L’amusement de Rione céda la place à l’agacement. « Comme vous l’ont rapporté vos collègues et comme l’ont confirmé mes agents, Kila est trop universellement détestée pour espérer devenir un jour commandant de la flotte. Mais elle est aussi trop arrogante et, à la différence de Numos, trop compétente pour se laisser manœuvrer par d’autres. Manifestement, il s’agit plutôt pour elle d’affirmer sa personnalité, maintenant qu’elle a compris que vous ne succomberiez pas aux stratagèmes habituels qu’elle emploie pour se faire bien voir de ses supérieurs. Elle n’a jamais tenté de vous séduire, n’est-ce pas ?
— Quoi ?
— Certains signes laissent entendre qu’elle pourrait user de cette tactique, parmi d’autres, pour obtenir de l’avancement, encore qu’il pourrait aussi ne s’agir que de ragots alimentés par la détestation que Kila éveille chez ses pairs. Vous dites qu’elle n’aurait jamais essayé son charme sur vous ?

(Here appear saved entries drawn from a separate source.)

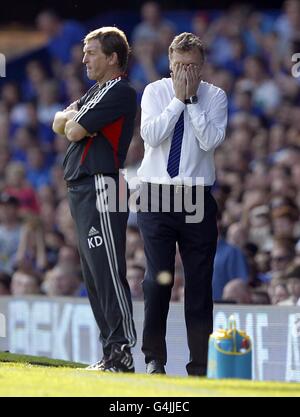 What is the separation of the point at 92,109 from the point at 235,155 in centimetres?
664

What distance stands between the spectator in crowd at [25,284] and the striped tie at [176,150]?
598cm

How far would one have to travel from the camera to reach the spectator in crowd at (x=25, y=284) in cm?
1312

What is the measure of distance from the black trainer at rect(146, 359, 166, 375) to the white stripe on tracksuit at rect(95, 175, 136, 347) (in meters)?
0.32

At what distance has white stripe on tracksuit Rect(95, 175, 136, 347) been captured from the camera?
7.01 metres

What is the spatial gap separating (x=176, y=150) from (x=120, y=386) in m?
1.81

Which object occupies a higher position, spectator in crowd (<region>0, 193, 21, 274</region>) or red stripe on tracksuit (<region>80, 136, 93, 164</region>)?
red stripe on tracksuit (<region>80, 136, 93, 164</region>)

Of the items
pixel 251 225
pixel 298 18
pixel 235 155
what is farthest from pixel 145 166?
pixel 298 18

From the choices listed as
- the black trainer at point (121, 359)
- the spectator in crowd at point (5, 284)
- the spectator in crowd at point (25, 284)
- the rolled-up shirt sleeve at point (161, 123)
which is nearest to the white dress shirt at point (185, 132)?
the rolled-up shirt sleeve at point (161, 123)

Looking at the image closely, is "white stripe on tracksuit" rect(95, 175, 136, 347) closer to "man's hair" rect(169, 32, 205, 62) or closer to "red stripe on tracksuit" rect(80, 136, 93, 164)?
"red stripe on tracksuit" rect(80, 136, 93, 164)

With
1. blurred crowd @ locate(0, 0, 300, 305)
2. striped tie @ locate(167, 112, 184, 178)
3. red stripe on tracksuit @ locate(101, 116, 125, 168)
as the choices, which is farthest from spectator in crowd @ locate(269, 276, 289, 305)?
red stripe on tracksuit @ locate(101, 116, 125, 168)

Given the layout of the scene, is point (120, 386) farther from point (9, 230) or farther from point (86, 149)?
point (9, 230)

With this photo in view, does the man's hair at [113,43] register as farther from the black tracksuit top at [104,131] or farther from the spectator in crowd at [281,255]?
the spectator in crowd at [281,255] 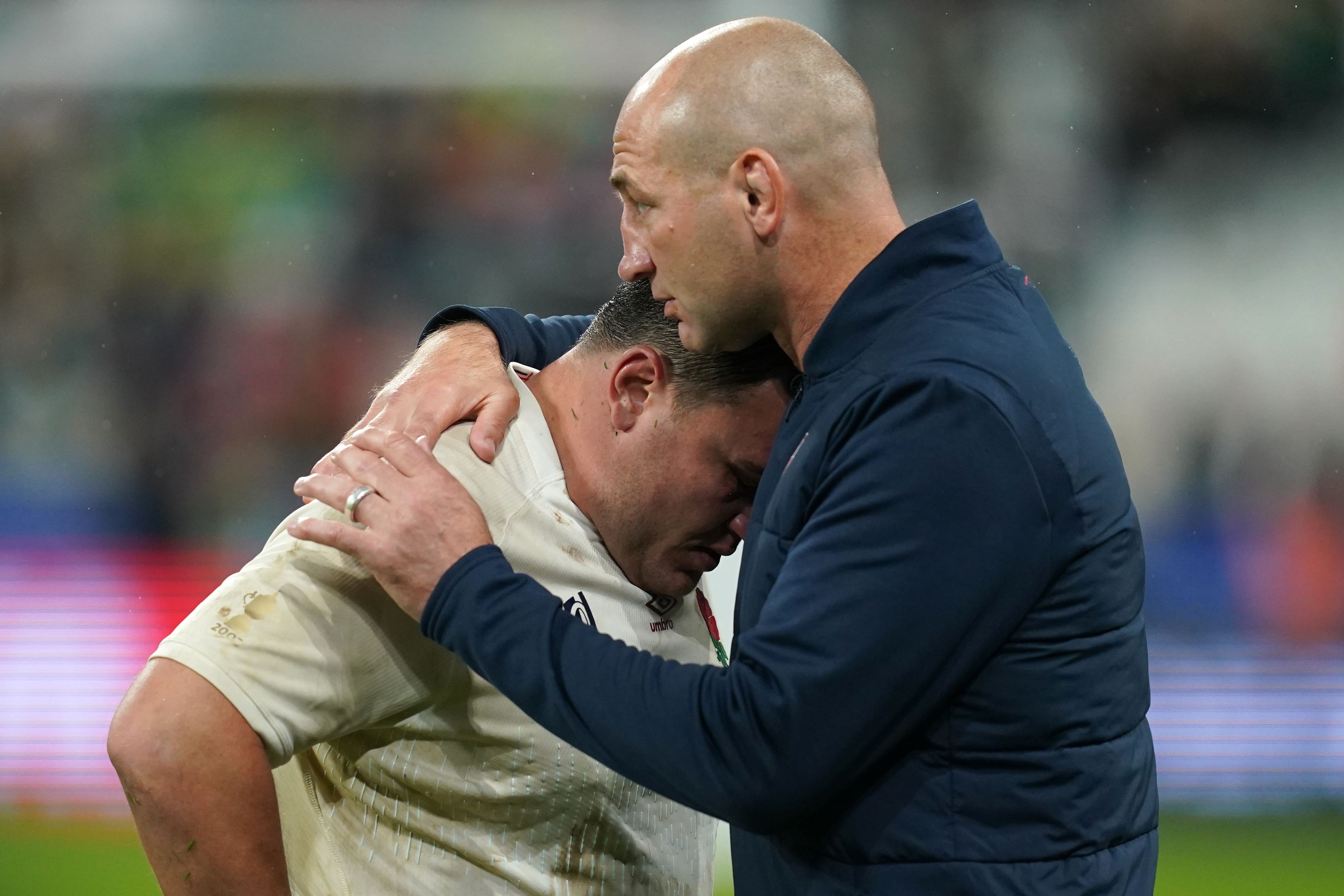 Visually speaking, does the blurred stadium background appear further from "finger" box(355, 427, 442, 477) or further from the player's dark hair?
"finger" box(355, 427, 442, 477)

— Non ! » Il voyait Desjani du coin de l’œil et ses yeux poignardaient Rione « Nous ne nous sommes même jamais retrouvés physiquement sur le même vaisseau ! »
Rione hocha la tête. « Ça expliquerait tout, effectivement. De toute façon, vous jouissez d’une telle réputation qu’elle aurait sans doute compris la vanité de l’entreprise.
— Merci. » Rione avait toujours le don de le désarçonner, semblait-il.